Suhail Shaheen, a spokesman for the Taliban office in Qatar’s capital, said on Twitter that Khalilzad and Miller met with Mullah Abdul Ghani Baradar, a co-founder of Afghanistan's Taliban and its chief negotiator.

Shaheen said the two sides discussed the "complete implementation" of the U.S.-Taliban deal for a phased U.S. troop withdrawal. Shaheen said they also discussed a "delay in the release of prisoners."

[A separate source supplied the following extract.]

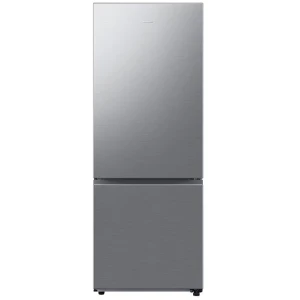 Ψυγειοκαταψύκτης Samsung RB53DG703DS9EF Inox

According to the International Committee of the Red Cross, the Taliban on April 12 released 20 Afghan government prisoners in the southern province of Kandahar.

A Taliban spokesman told AFP that its decision to release a first group of prisoners was "a goodwill step...to accelerate the prisoner exchange process."

Earlier, the Afghan government had released 100 Taliban prisoners -- bringing to 300 the total number of Taliban inmates freed by Kabul since April 8.

Khalilzad on April 13 said the start of prisoner swaps by Kabul and the Taliban was "an important step" toward Afghan talks on a permanent peace deal and called for accelerated efforts "to meet targets specified in the U.S.-Taliban agreement as soon as possible."

He said the prisoner exchange was more important than ever because prison populations are threatened by the coronavirus pandemic.

The pact signed by the United States and the Taliban in Doha calls for the Afghan government to release a total of 5,000 Taliban fighters as a confidence-building measure ahead of formal peace talks aimed at ending the Afghan conflict.

In return, the Taliban has vowed to release some 1,000 Afghan government troops and civilian workers it is holding.

But the Taliban last week recalled a three-member team it had sent to Kabul to try to finalize the swap, originally set to happen by March 10.

The militants blamed Afghan President Ashraf Ghani's administration for delaying the exchange "under one pretext or another," while Kabul called on the Taliban not to "sabotage the process by making excuses."

Under the U.S.-Taliban accord, talks between Kabul and the Taliban and a series of security commitments from the militants are to be met by the withdrawal from Afghanistan of all U.S. troops and other foreign coalition forces within 14 months.